▸ What is being asked
Once the pictures are set aside, transcribe the remaining data exactly.

▸ Data for this exercise

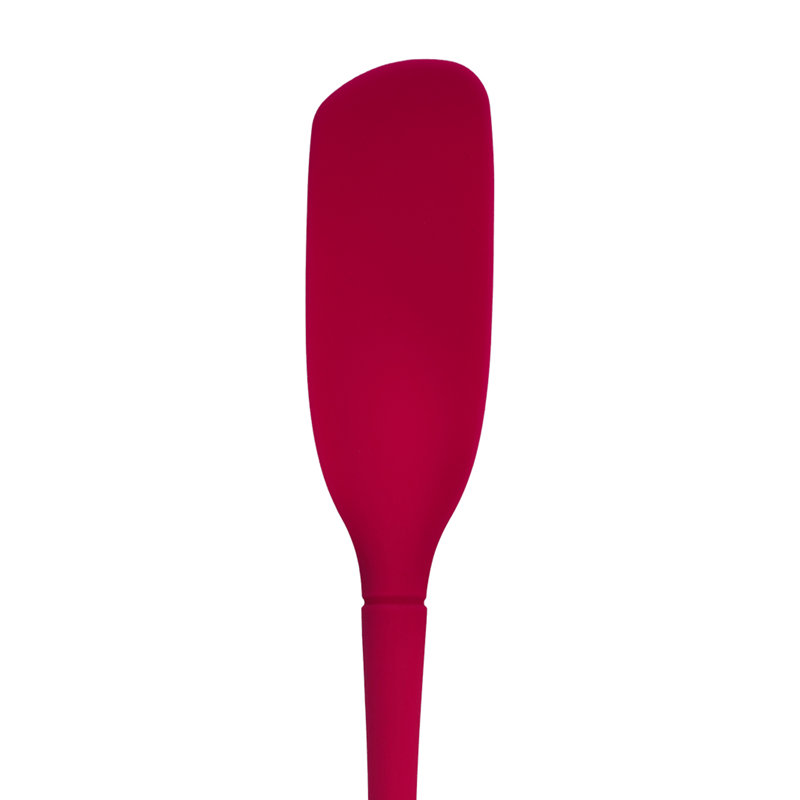 Flex-Core Spatula with Handle, Cayenne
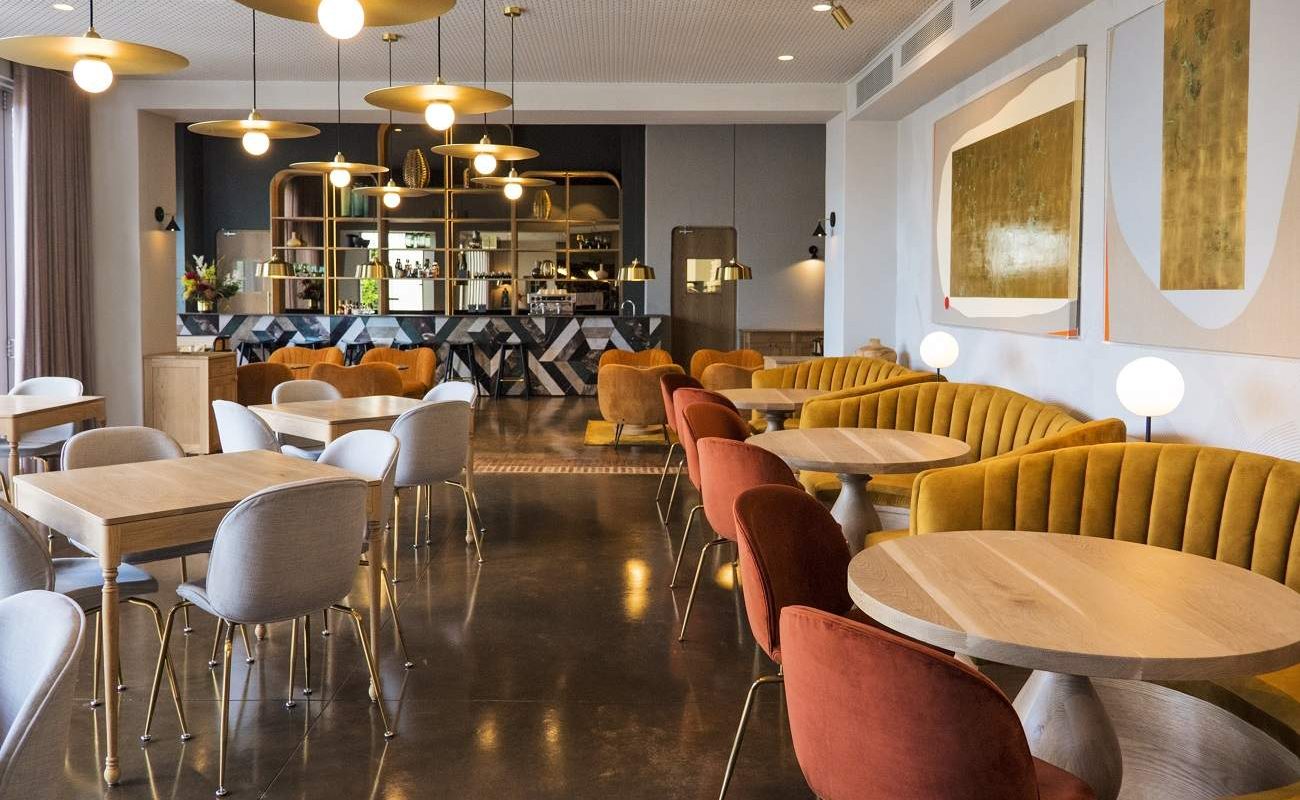 Fine Dining Restaurant Tryn im Steenberg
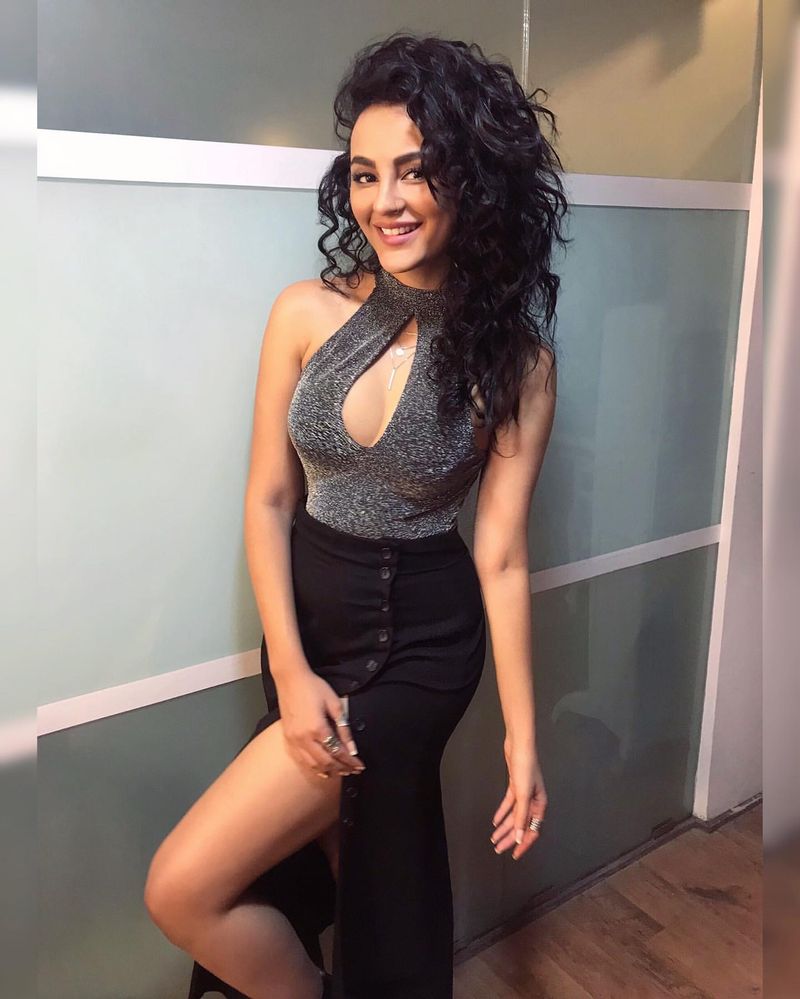 Run Raja Run Fame Seerat Kapoor Hot Photos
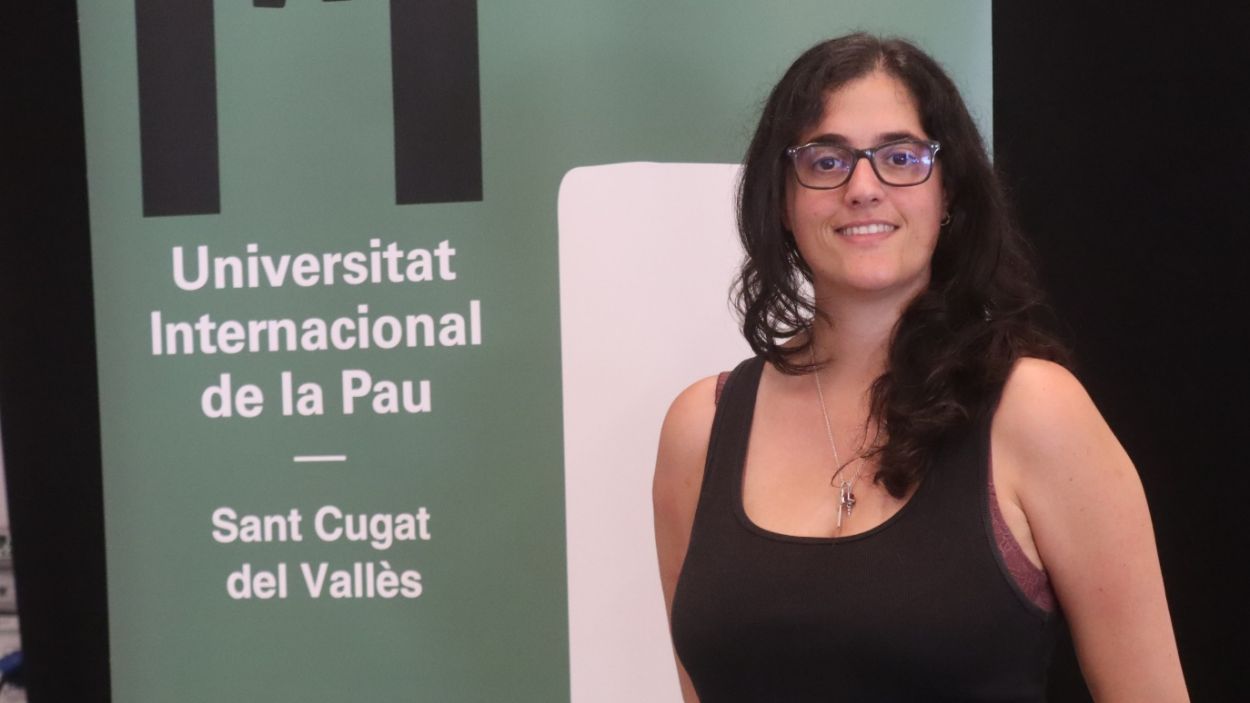 Arés Perceval, nova directora de l'Unipau, dirigeix la seva primera Escola d'Estiu / Foto: Unipau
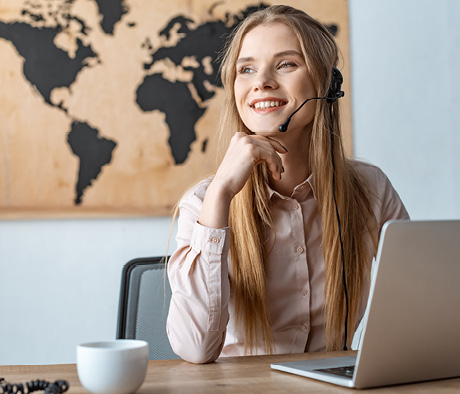 Buchung mit meinReisebüro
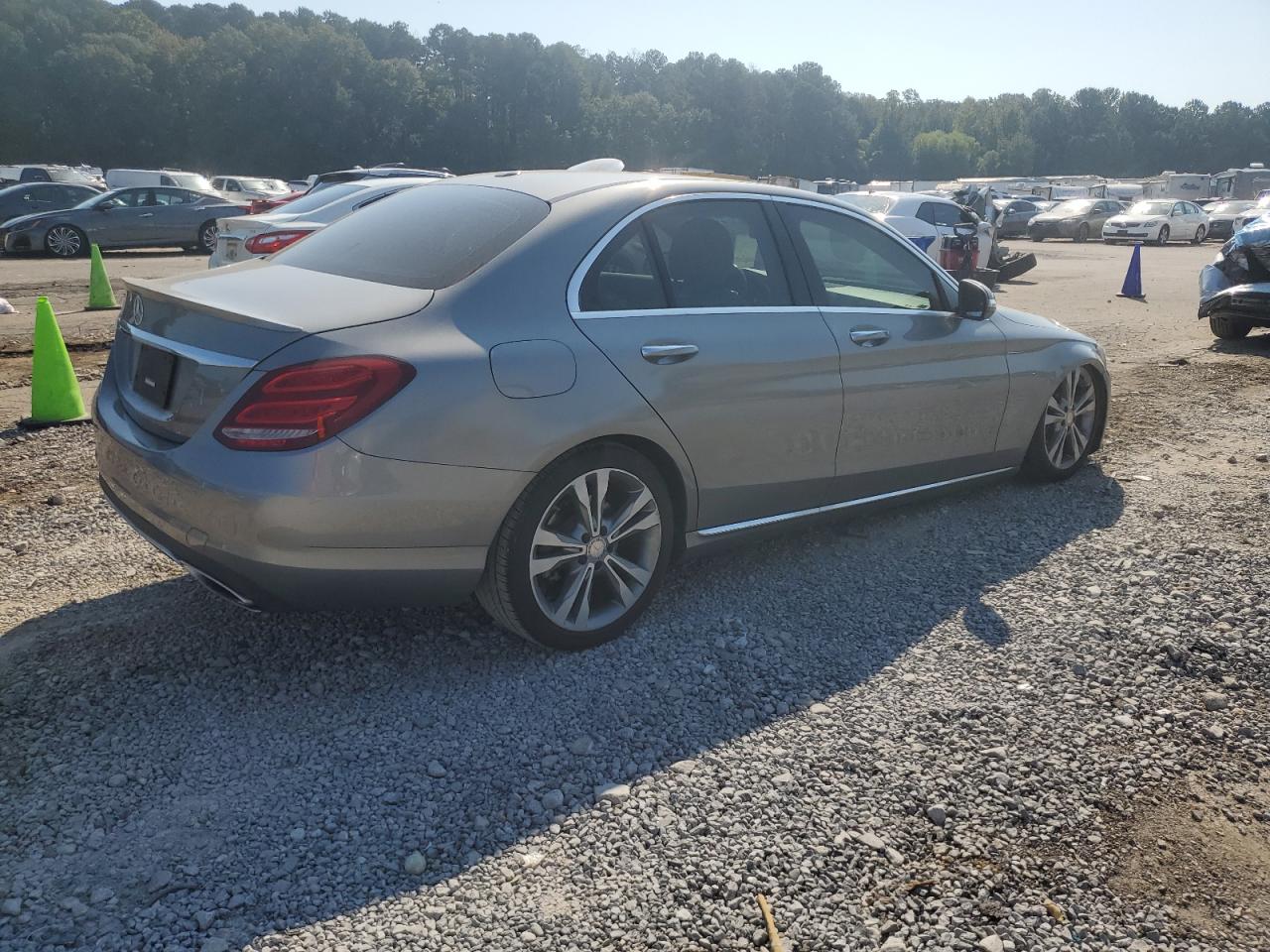 Mercedes-Benz C-Class 300 Image 2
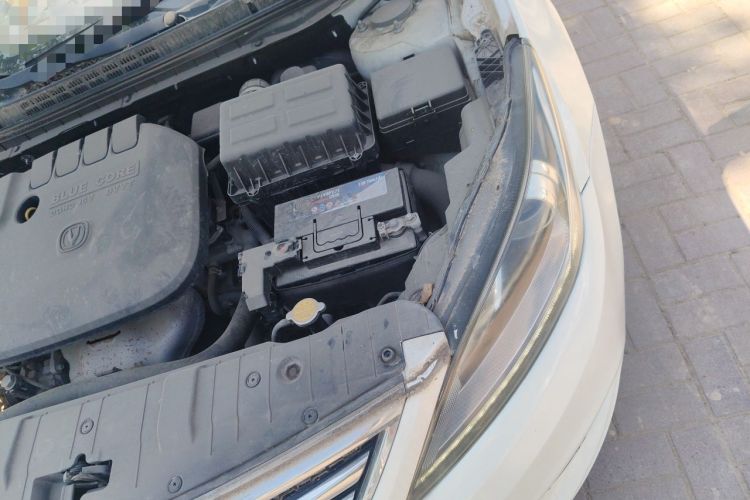 Used CHANGAN Eado 2016 1.6L Manual Fashion Edition Engine Bay Left
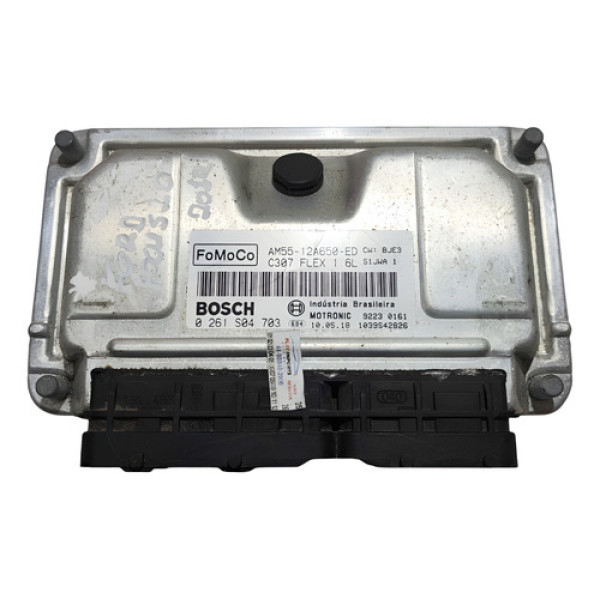 Módulo Injeção Am5512a650ed Ford Fusion 2010 2011 2012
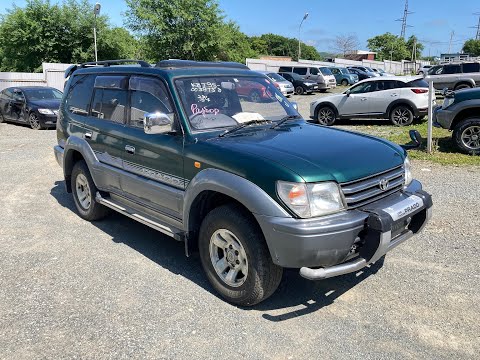 Видео: Конструктор TLC Prado 95 в 2023. Дифлок, лебедёка!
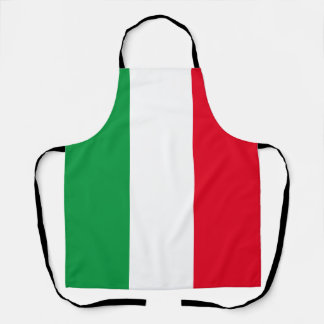Tablier Pavillon italien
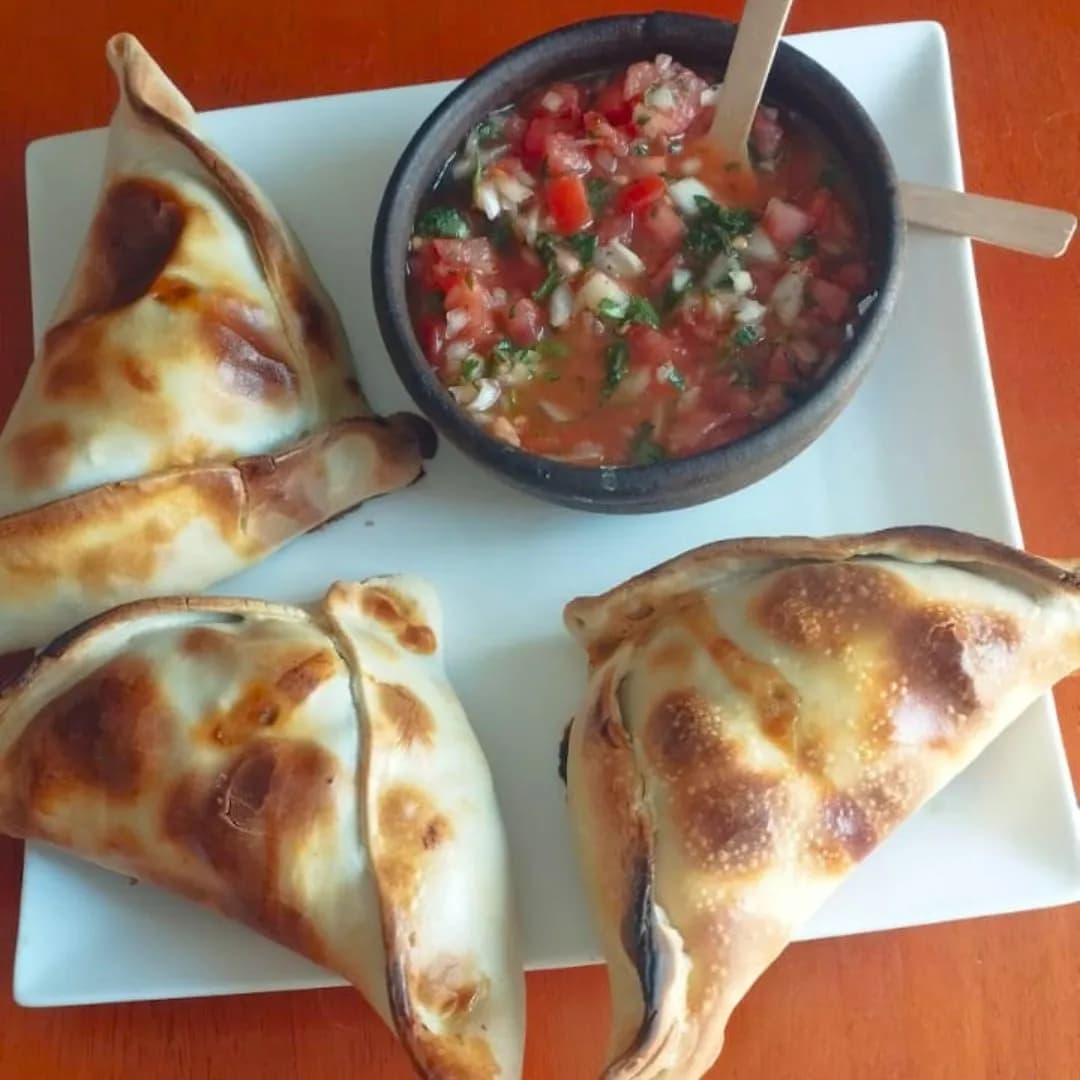 Empanada de pino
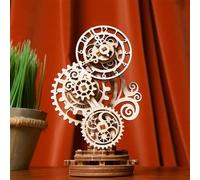 Horloge Steampunk Ugears - Puzzle 3d en bois https://www.fnac.com/mp50513880/Horloge-Steampunk-Ugears-Puzzle-3d-en-bois/w-4?oref=aa95b180-3e59-07da-b081-9772d451ae46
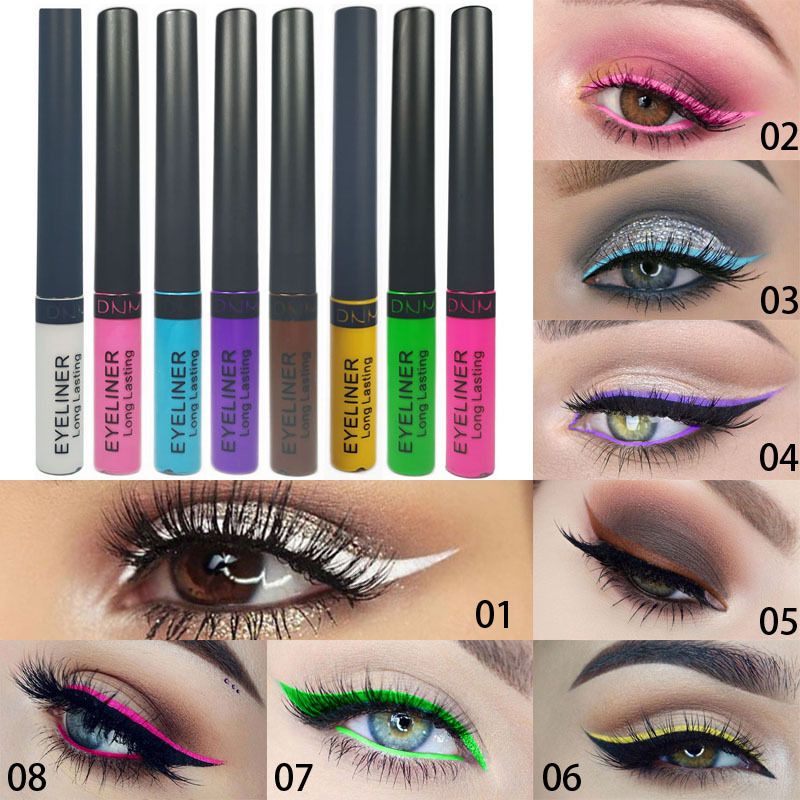 best white liquid eyeliner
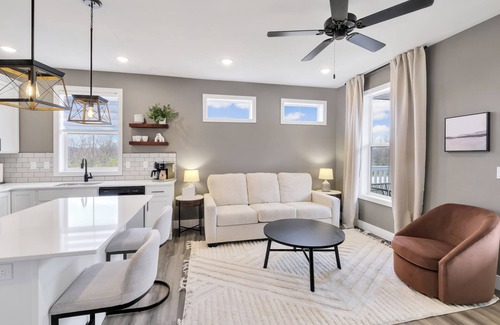 Ottawa Condo | The Sunchaser 1 bed 1 bath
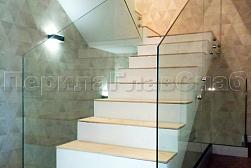 Перила на второй этаж в Воронеже. Готовые проекты ПерилаГлавСнаб - фото 19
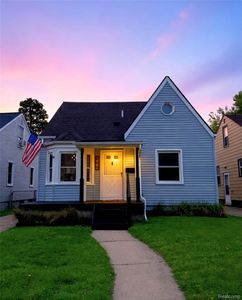 640 Wordsworth St, Ferndale, MI, 48220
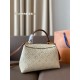 コーデの主役 2024SS トートバッグ LOUIS VUITTON ルイヴィトン コーデの主役 2024SS トートバッグ LOUIS VUITTON ルイヴィトン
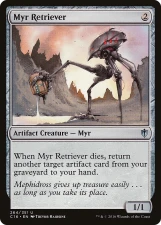 Myr Retriever card image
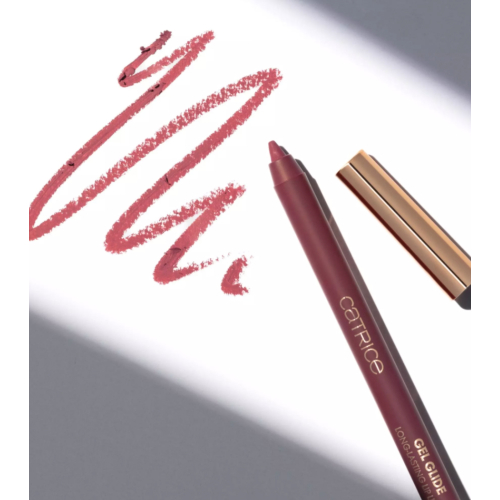 Catrice - Delineador labial de longa duração Gel Glide - 080: Sass & Flirty
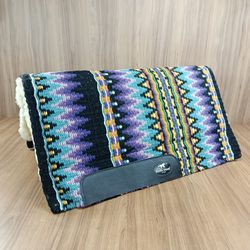 Manta Boots Horse Tambor Navajo 8762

▸ Solution to this exercise
 Flex-Core Spatula with Handle, Cayenne
 Fine Dining Restaurant Tryn im Steenberg
 Run Raja Run Fame Seerat Kapoor Hot Photos
 Arés Perceval, nova directora de l'Unipau, dirigeix la seva primera Escola d'Estiu / Foto: Unipau
 Buchung mit meinReisebüro
 Mercedes-Benz C-Class 300 Image 2
 Used CHANGAN Eado 2016 1.6L Manual Fashion Edition Engine Bay Left
 Módulo Injeção Am5512a650ed Ford Fusion 2010 2011 2012
 Видео: Конструктор TLC Prado 95 в 2023. Дифлок, лебедёка!
Tablier Pavillon italien
 Empanada de pino
 Horloge Steampunk Ugears - Puzzle 3d en bois https://www.fnac.com/mp50513880/Horloge-Steampunk-Ugears-Puzzle-3d-en-bois/w-4?oref=aa95b180-3e59-07da-b081-9772d451ae46
 best white liquid eyeliner
 Ottawa Condo | The Sunchaser 1 bed 1 bath
 Перила на второй этаж в Воронеже. Готовые проекты ПерилаГлавСнаб - фото 19
 640 Wordsworth St, Ferndale, MI, 48220
 コーデの主役 2024SS トートバッグ LOUIS VUITTON ルイヴィトン コーデの主役 2024SS トートバッグ LOUIS VUITTON ルイヴィトン
 Myr Retriever card image
 Catrice - Delineador labial de longa duração Gel Glide - 080: Sass & Flirty
 Manta Boots Horse Tambor Navajo 8762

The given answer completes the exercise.